今野椋平(環3・桐蔭学園)のコンバージョンも決まり追いついた慶大だったが、まだまだ勢いは止まらない。28分には筑波大ボールでのスクラムからリスタートしボールをまわされると、田沼英哲(総4・國學院久我山)の強烈なタックルで相手を倒し中矢健太(総4・大阪桐蔭)がジャッカル。まさに筑波大を食らうかのような見事なジャッカルできっかけを作ると、その流れでラインアウトからモールを形成し、ぞろぞろとドライビング。インゴール直前まで慶大ペースで運転し、最後は中山が飛び込むようにしてトライを決めた。今野は5mラインより外側の厳しい角度からのコンバージョンを華麗に決めて見せ、2トライ差を追いかけていた慶大はついに逆転し、前半30分を経過した時点で21-14と、今度は1トライ差をつけ優勢となった。そしてその直後に組んだスクラムではついに筑波大がコラプシング。スクラムで力の強さを見せつけた慶大は前半も終了に近い37分、敵陣22mライン内でマイボールのラインアウトからモールを作ると、そのまま力で押し切りこれもまた主将・中山がトライ。チームとしては4トライ目を決めた。このコンバージョンでは今野のキックはポストの右を行き、惜しくもゴールとはならず、26-14と12点差をつけて前半を終えた。

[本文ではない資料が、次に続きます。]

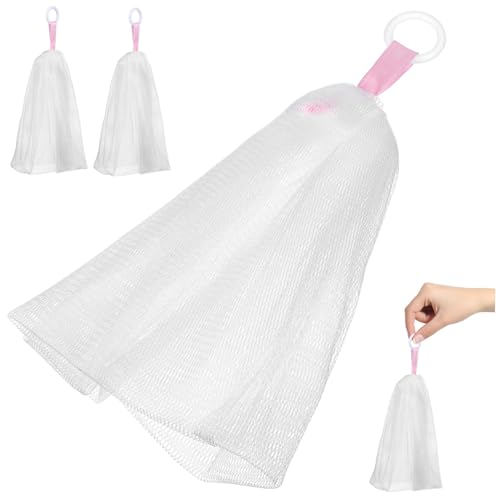 Baluue 3 Pcs Face Bubbler Maker Er Mesh Soap Bag Set Drawstring Rope for Wall Hanging Compact Storage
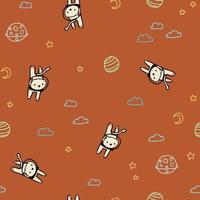 Orange pattern with doodle cat, planet, stars, clouds. Seamless background pet. Textiles for baby, paper scrapbook. vector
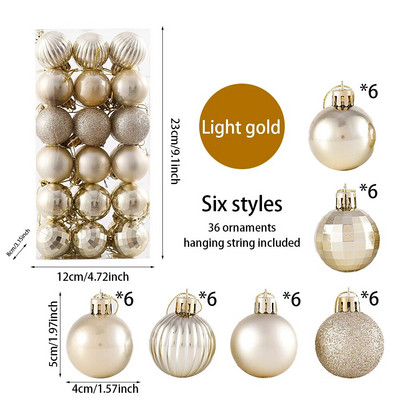 36 kom/kutija 4 CM svjetlucave božićne kuglice Božićno drvce Viseće kuglice s pandentom Ružičasto Zlatno Srebrno Zeleno Crveno Plavo Novogodišnji božićni ukrasi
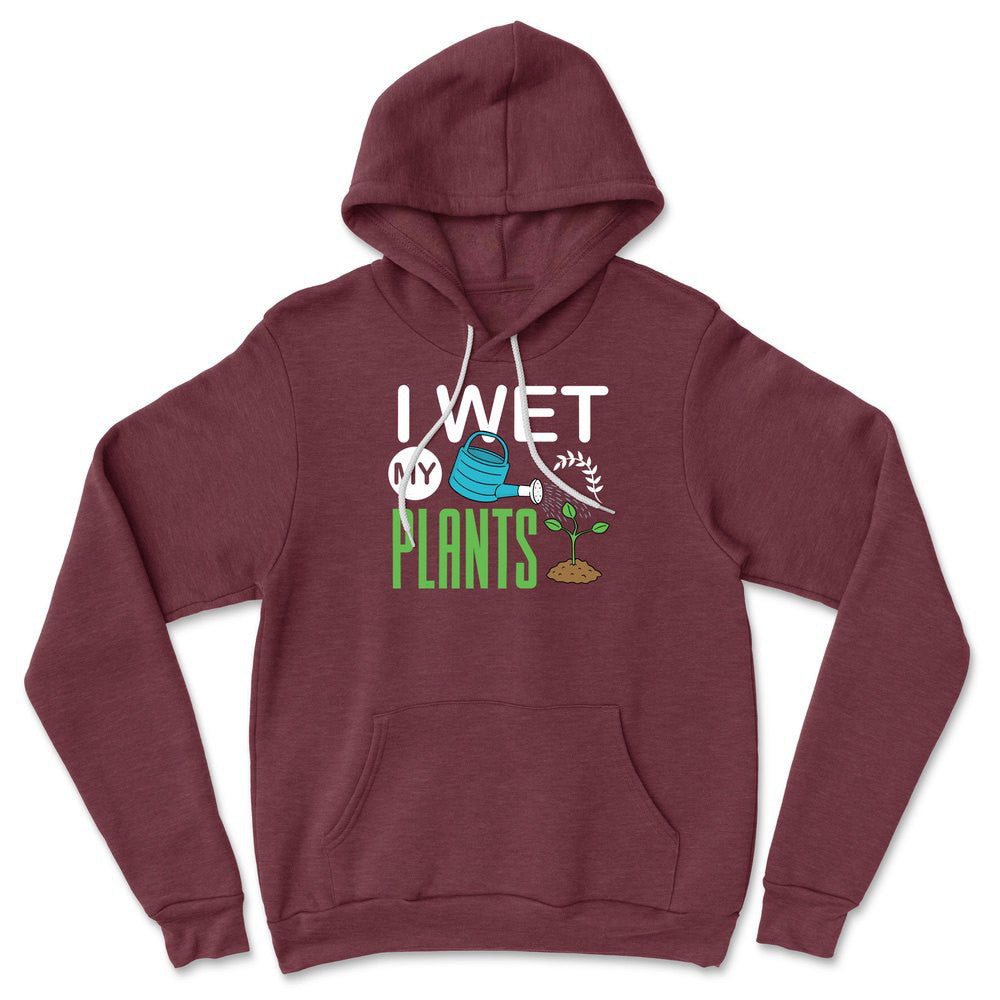 I Wet My Plants Hoodie in Heather Maroon color
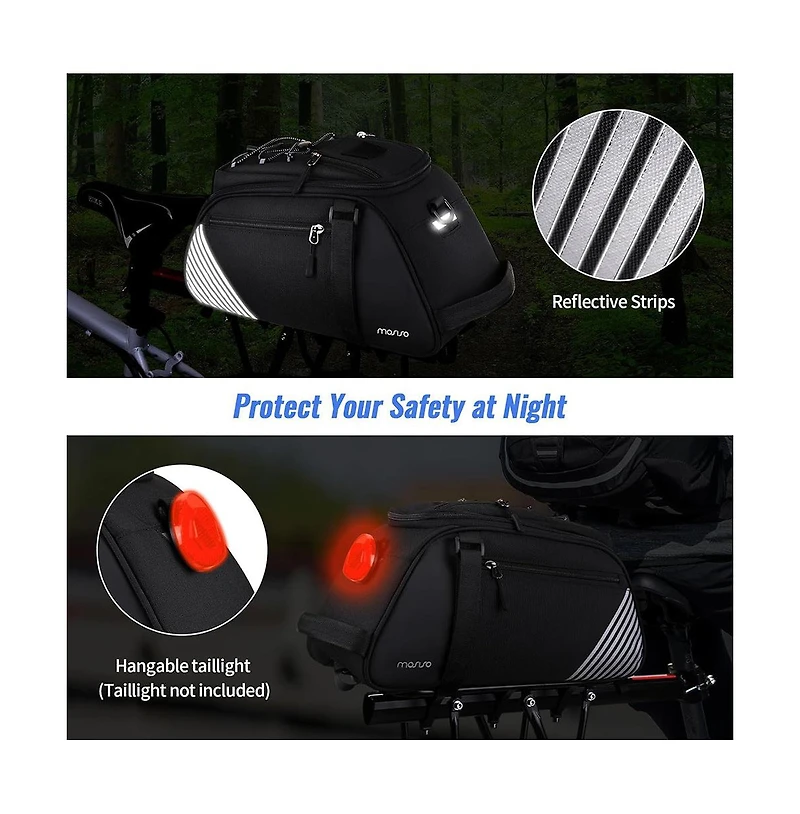 Aoligeijs Bike Rack Bag 8L Waterproof Bicycle Rear Trunk Bag with Rain Cover Convertible Backpack Cycling Storage for Commuting Travel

後半、敵陣で攻めたラグビーを続ける慶大は、22mラインを超えてからのスクラムで力の差を見せつけ度々相手の反則を誘い、少しずつ前進させていく。組み直すこと4回目のスクラムでようやく数的優位を作り出すと、左サイドで待つ今野、大川へと繋ぎ、最後は伊吹がダイビングトライを決めた。後半16分には右サイドのラインアウトからパスを繋げ、左サイドで冨永万作(商4・仙台第三)が左手でトライ。ここでなんと慶大は前半から含めて6連続トライとなり36-14と大差をつけた。そして19分にディフェンスの隙を突かれトライを奪われるが、23分、ゴールライン直前のラックから粘り勝って中矢がグラウンディング。今試合7個目のトライを決めた。小野澤のコンバージョンも決まり、43-21と2倍以上の点差をつけ余裕を見せた慶大だったが、とはいえまだ残り約17分ある。ここで筑波大が粘りを見せてきた。26分、右大外でラックが作られると、ディフェンスが手薄になった左側を軽いステップで越えられトライ。そして30分、33分と次々にトライを奪われ43-42まで迫られる。さらに気温が上がってきた日吉グラウンドで1点の優勢を必死に守る慶大だったが、筑波大も負けじと攻めてくる。残り時間をほとんど自陣でプレーする危ない展開が続き、そしてラストワンプレーとなったその時、悲劇は起きた。自陣で相手のゲインを強固なディフェンスで止める中、慶大は痛恨のペナルティ。1人がタックルで倒した上半身にほぼ抱き合う形で入った接触がハイタックルとみなされ、ミスとはなかなか言い難いペナルティであったが、不運にも戻された場所は自陣ゴールポストのほぼ正面。筑波大のペナルティゴールは真ん中に決まり、43-45で因縁の相手筑波大に苦杯を喫した。
(写真・取材:島森沙奈美、岩切太志、中村米我 記事:宇田川志乃)
以下、選手インタビュー
中山主将
ーー今日の試合を振り返っていかがでしたか
春のターゲットにしてきた筑波大学に逆転負けをしてしまい、非常に悔しく思います。
ですが、アタックやセットプレー等、通用する部分が多くあり、収穫が多い試合だったと思います。
ーー春季大会最終戦に向けて意気込みをお願いします
今週の大東文化大学に勝利し、春季大会Bリーグで優勝できるよう頑張ります。